FADING CHANNEL PARAMETER ESTIMATION USING DEEP LEARNING

Abstract

Wireless communications systems design and its performance depend on the wireless fading channels, which are often characterized using a Rician or Nakagami probability density function. A Rician or Nakagami parameter describes the fading severity in a fading channel and is used in the system design and performance evaluation. Therefore, the estimation of the fading parameter is important in wireless communications research and development. Traditionally, a fading parameter equation, maximum likelihood estimation, or Moment-based estimation is used to estimate the parameters. This work explores the use of deep learning for Rician K-factor and Nakagami-m parameter estimation. The signals are generated and used to train a convolutional neural network (CNN) to estimate the K-factor and m parameter from a waveform signal in a fading channel. In the first part, we generate random signals of different Rician K-factors with different Gaussian noise levels. Then, we use a convolutional neural network model to estimate the Rician K-factor. Several scenarios are considered, signals with different signal-to-noise ratios (SNR), dataset sizes, time window sizes, and LTE signal. In the Nakagami-m parameter estimation part, we generate different waveform signals with different parameters of Nakagami-m. Next, we classify the Nakagami-m parameters using the convolutional neural network.
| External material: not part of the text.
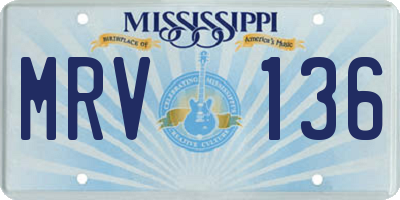 MS license plate MRV136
We estimate the Nakagami-m parameters with different SNR levels, dataset sizes, LTE signal, and time window sizes. In the final part, we generate signals of different levels of signal-to-noise ratio with the Rayleigh channel. Moreover, we identify the different levels of SNR using the CNN model. We study SNR levels with different dataset sizes, time window sizes, and LTE signal. Numerical results in all three parts demonstrate its good performance in estimating the Rician K-factors, Nakagami-m parameters, and different SNR levels.